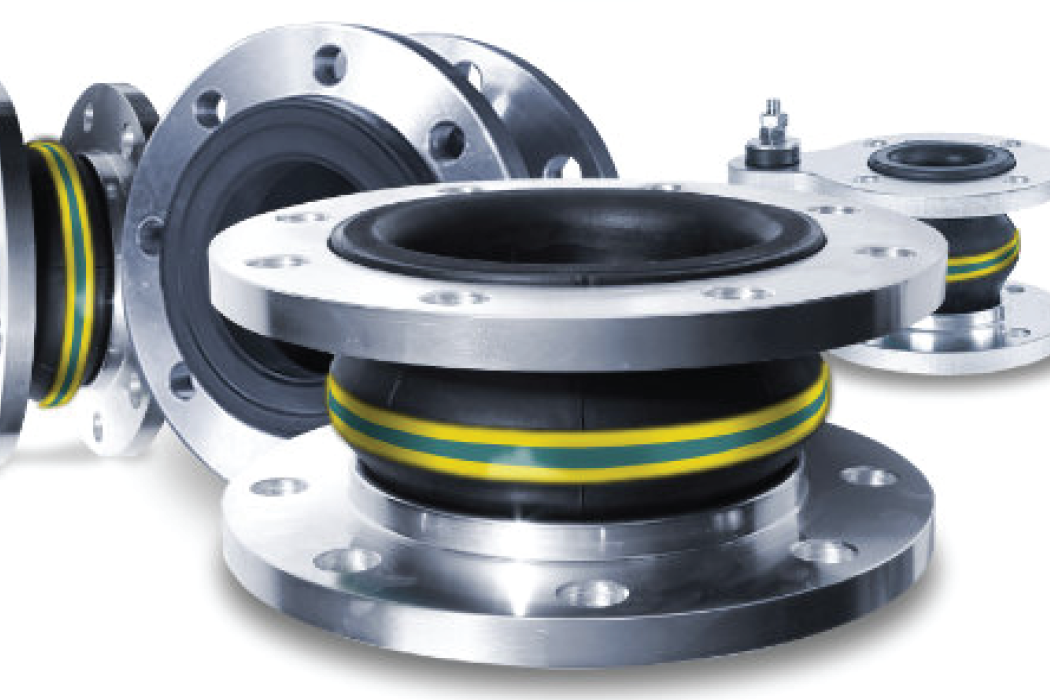 MPCC Expansion Joints & Bellows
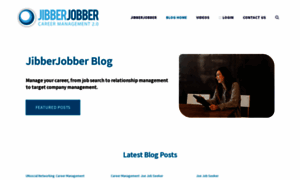 Blog.jibberjobber.com thumbnail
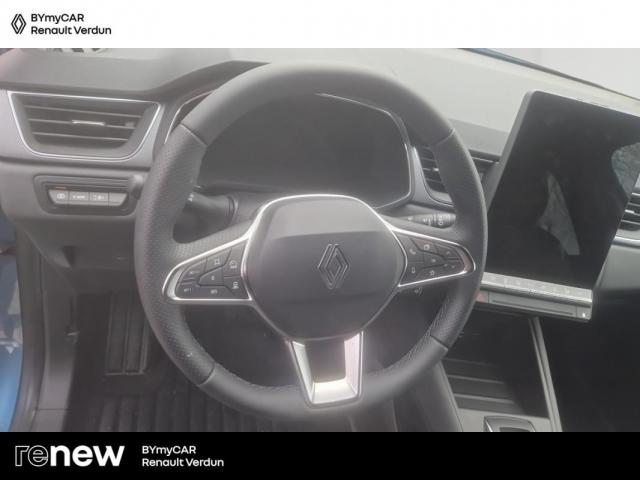 Renault Symbioz image 1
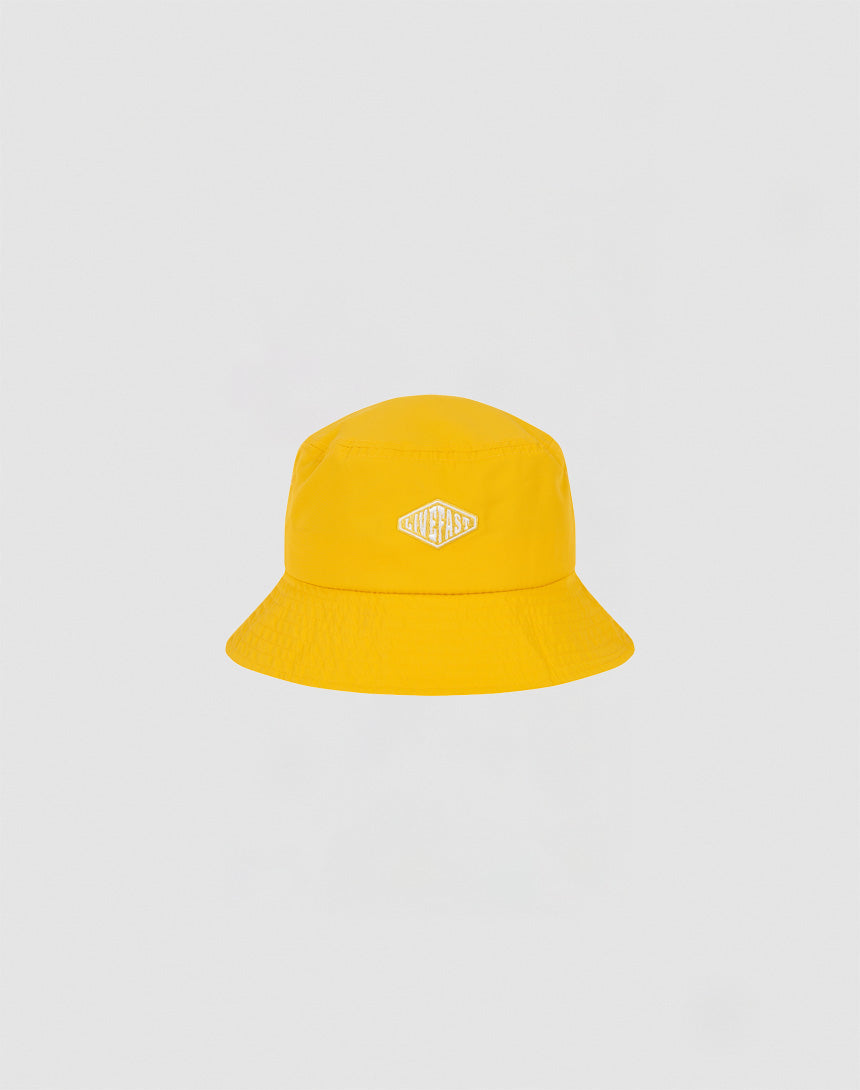 Nylon Bucket Hat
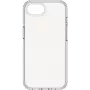 Black Rock priehľadné ochranné puzdro pre Apple iPhone 16e, transparentné 00229680
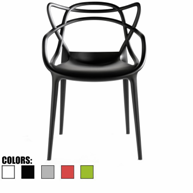 2xhome-black-designer-office-chairs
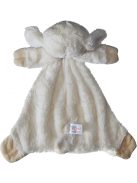 Gund Lopsy plüss bárány alvópajtás – 55x56 cm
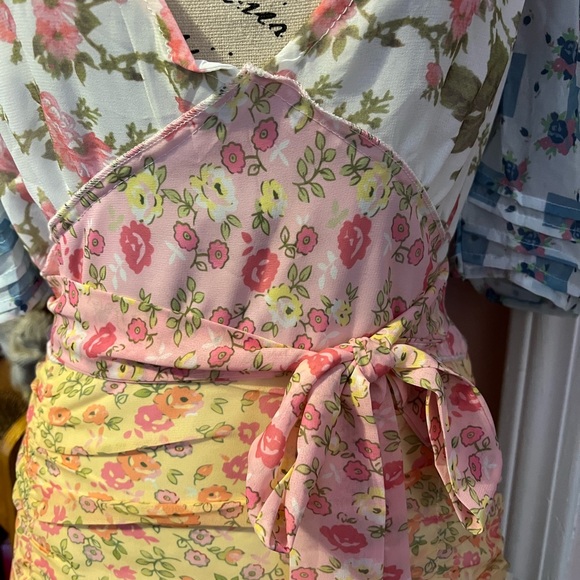 Brand New Dress “For Love Bell” - Picture 11 of 15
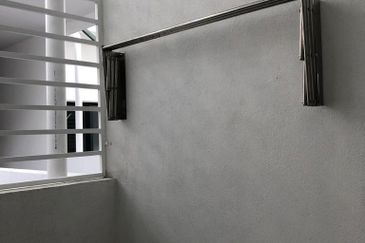 Residensi Hijauan (The Greens)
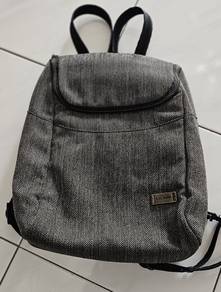 PacSafe Backpack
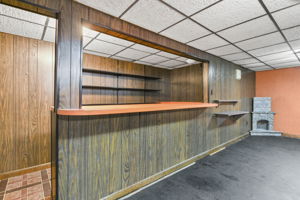 Wet Bar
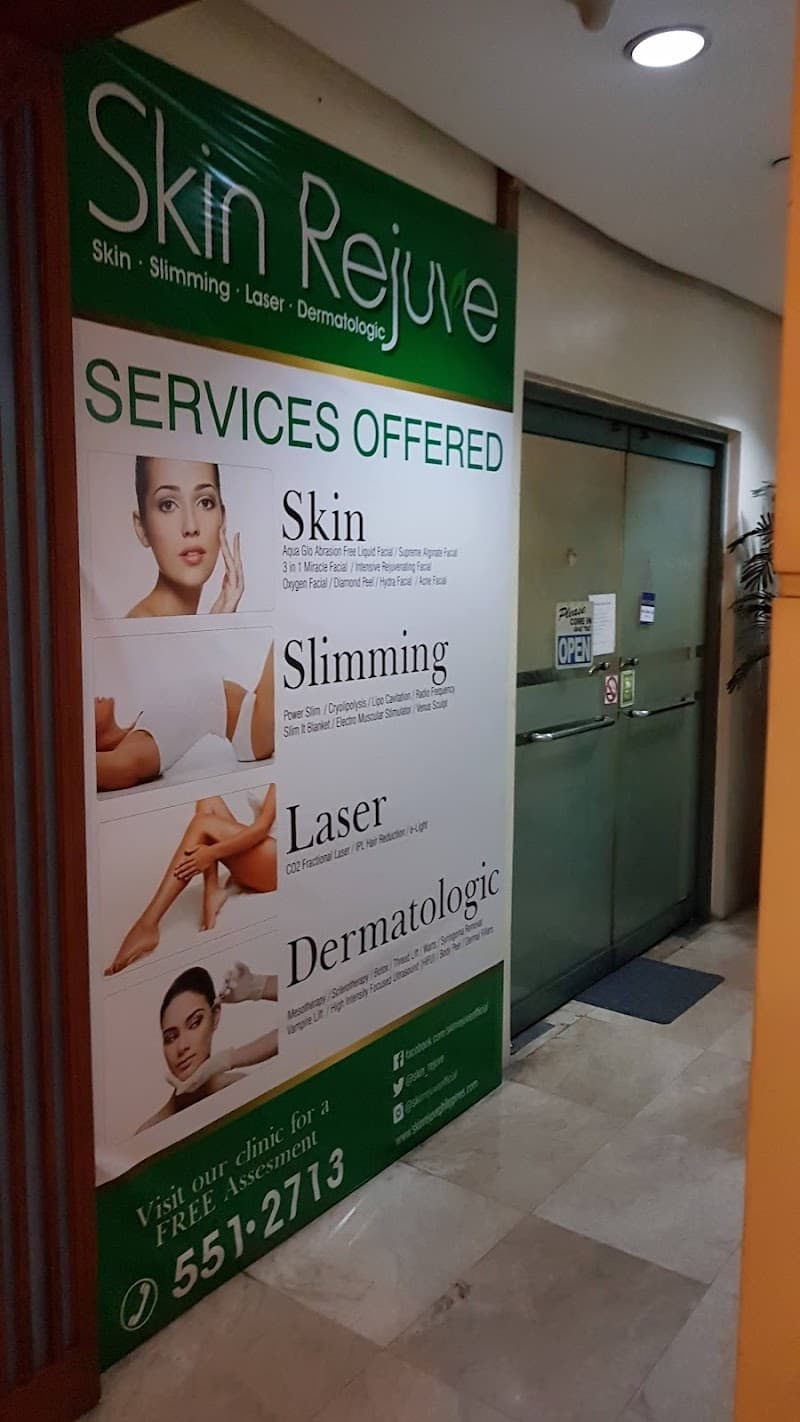 Skin Rejuve Makati photo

**REQUIREMENT**
A verbatim transcript of the material above, with images dropped, is the expected output.

**YOUR SOLUTION**
 MPCC Expansion Joints & Bellows
 Blog.jibberjobber.com thumbnail
 Renault Symbioz image 1
 Nylon Bucket Hat
 Black Rock priehľadné ochranné puzdro pre Apple iPhone 16e, transparentné 00229680
 2xhome-black-designer-office-chairs
 Gund Lopsy plüss bárány alvópajtás – 55x56 cm
 Brand New Dress “For Love Bell” - Picture 11 of 15
 Residensi Hijauan (The Greens)
 PacSafe Backpack
 Wet Bar
 Skin Rejuve Makati photo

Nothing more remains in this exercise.